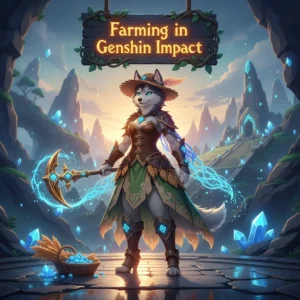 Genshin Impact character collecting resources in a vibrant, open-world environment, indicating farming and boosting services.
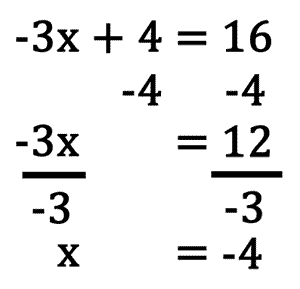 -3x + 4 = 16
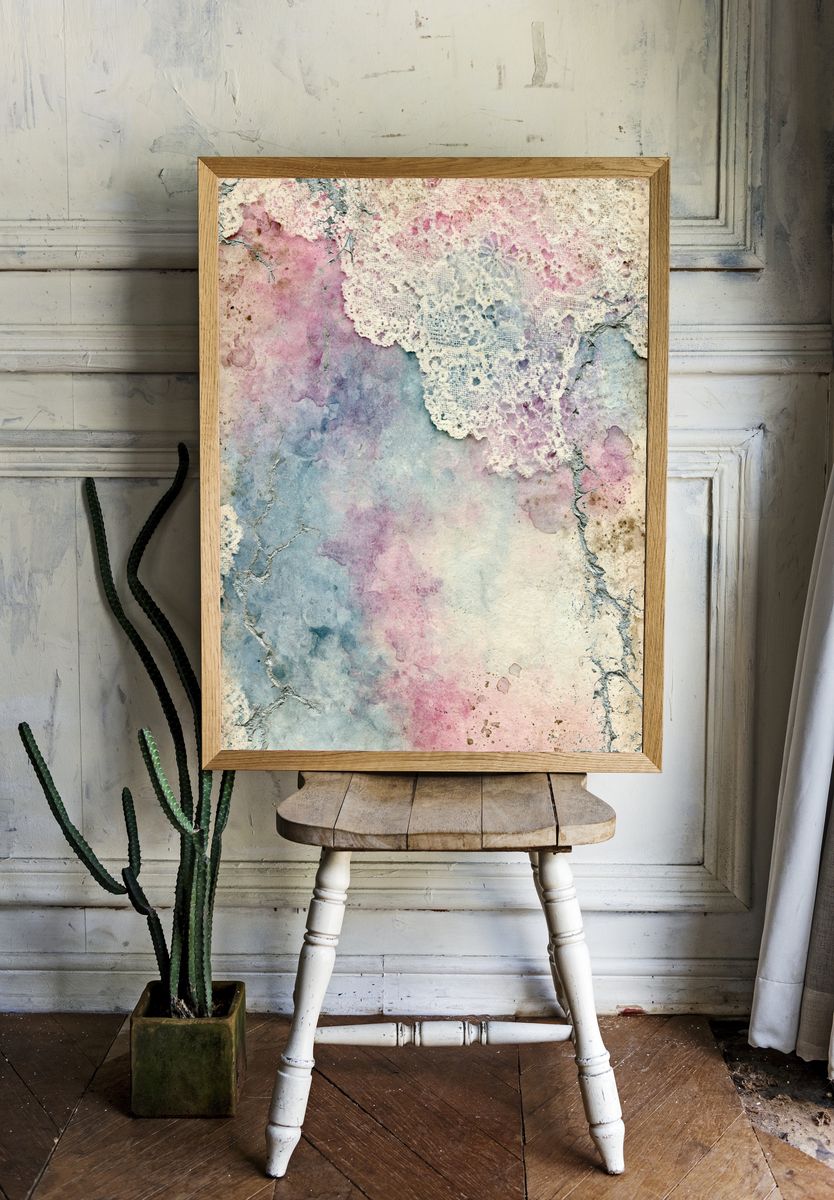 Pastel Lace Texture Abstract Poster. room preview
====
Exercise details: What is needed is every line from the one with "-3x + 4 = 16" to the final line of the listing above, set down exactly and with the pictures left out.

Problem solution:
 -3x + 4 = 16
 Pastel Lace Texture Abstract Poster. room preview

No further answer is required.